The Broadband Guide
SG
search advanced

Linux Broadband Tweaks

Raising network limits for high speed, high latency networks under Linux
2003-04-01 (updated: 2021-01-07) by
Tags: , , , ,

The TCP/IP parameters for tweaking a Linux-based machine for fast internet connections are located in /proc/sys/net/... (assuming 2.1+ kernel). This location is volatile, and changes are reset at reboot. There are a couple of methods for reapplying the changes at boot time, ilustrated below.
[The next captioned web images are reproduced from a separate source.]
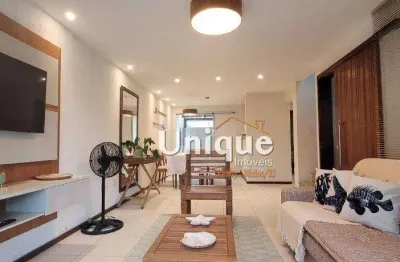 Casa com 3 dormitórios à venda, 120 m² por r$ 690.000,00 - rasa - cabo frio/rj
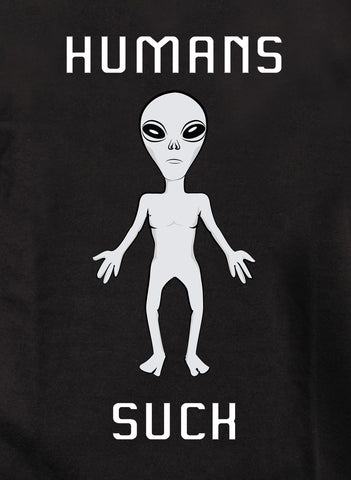 Humans Suck Kids T-Shirt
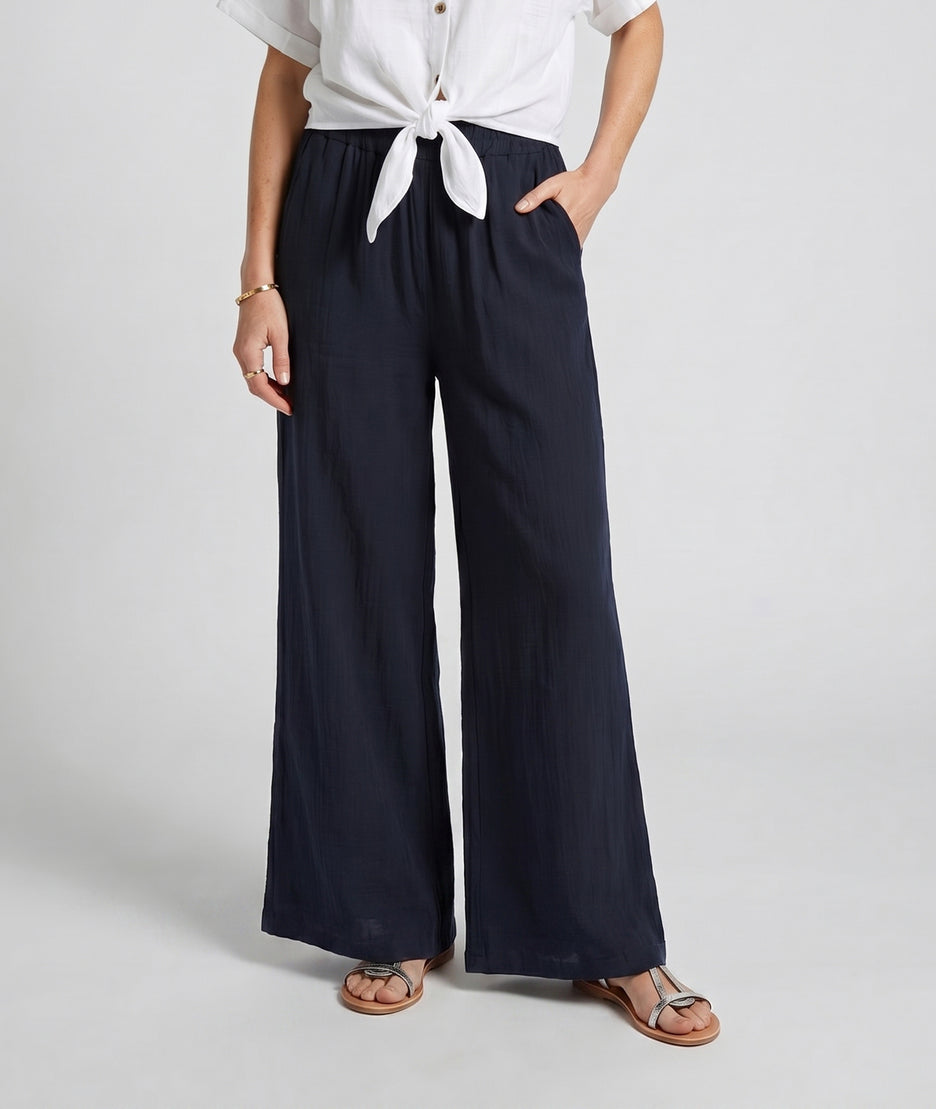 Pantalon Alet taupe face avant - marque Carnaby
Locating the TCP/IP parameters

All TCP/IP tunning parameters are located under /proc/sys/net/...  For example, here is a list of the most important tunning parameters, along with short description of their meaning:

/proc/sys/net/core/rmem_max - Maximum TCP Receive Window
/proc/sys/net/core/wmem_max - Maximum TCP Send Window
/proc/sys/net/ipv4/tcp_rmem - memory reserved for TCP receive buffers
/proc/sys/net/ipv4/tcp_wmem - memory reserved for TCP send buffers
/proc/sys/net/ipv4/tcp_timestamps - Timestamps (RFC 1323) add 12 bytes to the TCP header...
/proc/sys/net/ipv4/tcp_sack - TCP Selective Acknowledgements. They can reduce retransmissions, however make servers more prone to DDoS Attacks and increase CPU utilization.
/proc/sys/net/ipv4/tcp_window_scaling - support for large TCP Windows (RFC 1323). Needs to be set to 1 if the Max TCP Window is over 65535.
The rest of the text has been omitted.